Wenn Karl sich entscheidet, auf etwas Neues zuzugehen, um sich beispielsweise beruflich zu verändern, beginnt die Phase des Abschieds. Karl beginnt Verbindungen und Verbindlichkeiten zu lösen. Idealerweise gibt er seine Aufgaben und die dazugehörigen Verantwortungen an andere ab. Er erkennt, dass es auch ohne ihn läuft. Diese Einsicht kann dazu führen, dass er sich überflüssig und abgelehnt fühlt. Gleichzeitig erfährt er Anerkennung von Menschen, denen er Lebewohl sagt. Karl packt gezielt kleine Gegenstände mit Erinnerungswert in seinen Koffer, die ihm zukünftig wertvoll sein werden.

Phase 3 „Übergang“

Diese Phase ist geprägt von Ungewissheit, Chaos und Ängsten. Karl hat den alten „Rahmen“ verlassen. Er ist zwar körperlich im neuen Umfeld angekommen, emotional ist er aber noch nicht so weit. Es ist ihm noch unklar, wo und wie er einen sinnvollen Beitrag leisten kann. Noch ist er ein Unbekannter. Beziehungen zu initiieren und zu pflegen, fällt ihm schwer, und selbst kleine Aufgaben, wie Telefonate mit Ämtern, erscheinen ihm groß. Die vielen Entscheidungen, die getroffen werden müssen, überfordern ihn. Karl ist tendenziell emotional instabil, einsam und ängstlich. Sein Selbstvertrauen leidet. In dieser Situation können liebgewordene Gegenstände und Rituale hilfreich sein.

Phase 4 „Wiedereinstieg“

Karl wagt den Wiedereinstieg. Noch fühlt er sich am Rand, unsicher in seiner Position, skeptisch gegenüber den Äußerungen anderer. Er beobachtet viel und es kostet ihn Kraft, seinen Alltag zu meistern. Insgesamt fühlt sich Karl noch unsicher, ängstlich, leicht kränkbar und zerrissen. Er hat den Eindruck, nicht verstanden zu werden. In dieser Situation ist ein Freund oder Mentor hilfreich, der ihm in Alltagsfragen zur Seite steht.

Phase 5 „Neu-Engagement“

Schließlich befindet sich Karl vollständig im neuen Rahmen. Er lässt die Hilflosigkeit hinter sich und fühlt sich wieder sicher und geborgen. Er kennt seinen Wert und seine Wirksamkeit (siehe Phase 1). Karl ist reifer geworden. Hiermit finden die Übergangsphasen ihren Abschluss. Insgesamt dauern die Übergangsphasen etwa ein bis vier Jahre – abhängig von der individuellen Situation.

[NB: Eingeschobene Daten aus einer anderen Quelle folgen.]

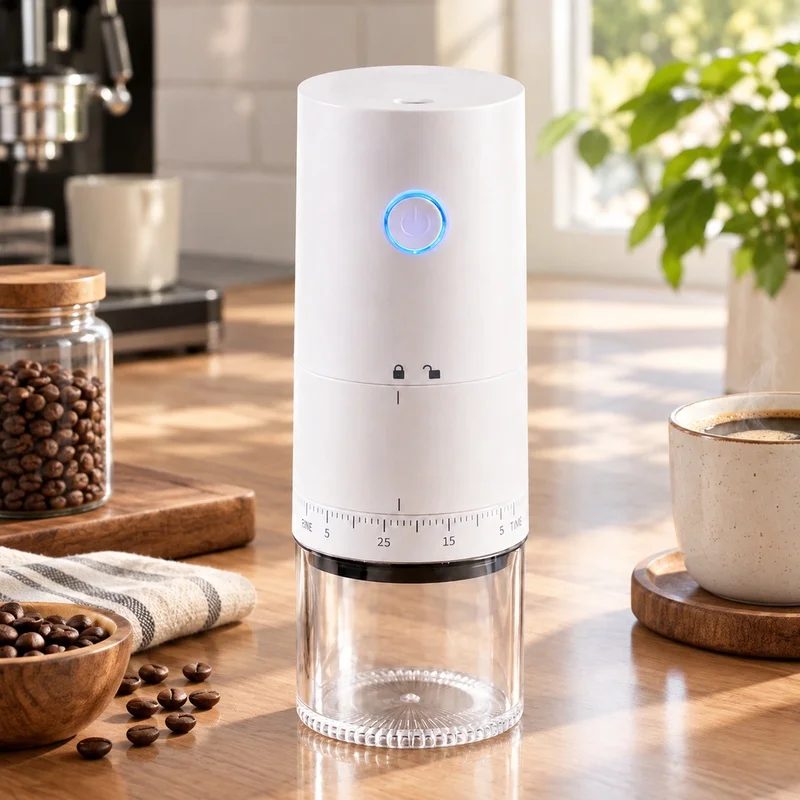 Rechargeable USB-C Electric Coffee Grinder with Durable Ceramic Burrs, Portable Design for Expert Brewing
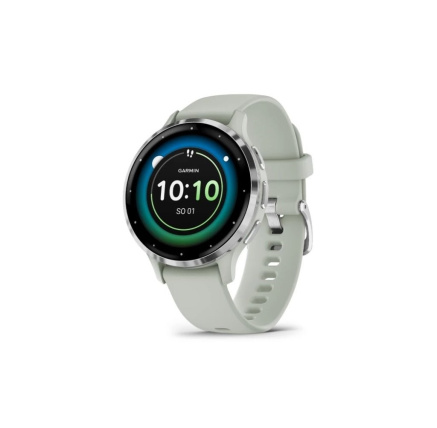 Garmin Venu® 3S, Silver/Sage grey, Silicone band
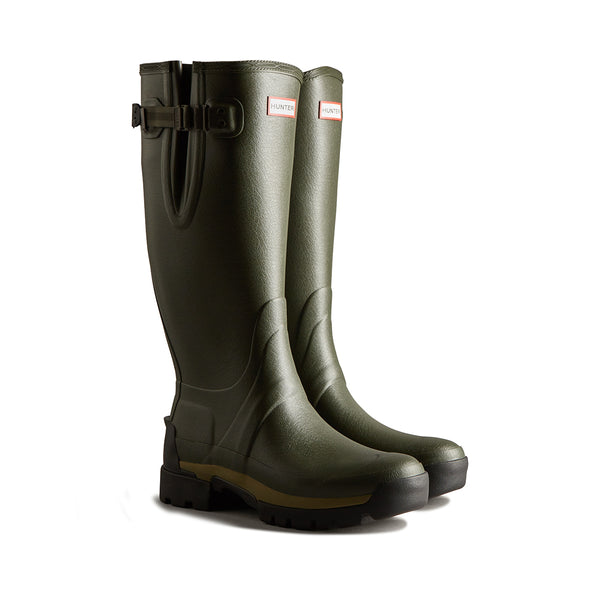 Hunter Men's Balmoral Adjustable 3mm Neoprene Wellington Boots in Dark Olive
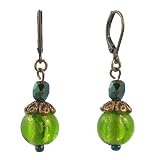 Earrings - E315 - Murano and Fire Polished Glass and Antique Gold Tone Beads - Round ~ Lime Green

Die Veranschaulichung von Pollocks Ergebnissen führt bei unseren Teilnehmern oft zu Aha-Erlebnissen. Allein das Erkennen, „es geht auch anderen so, ich bin ganz normal“, wirkt wie ein kleiner Triumph und bringt Sicherheit. Damit wächst die Bereitschaft und der Mut, diese Lebensphase anzunehmen, Hilflosigkeit hinter sich zu lassen und den Weg zu Ende zu gehen. Niemand kann uns diese Schritte abnehmen, aber wir können uns Vertraute und Begleiter suchen. So durchlaufen wir bewusst diese Phasen und gewinnen an Reife.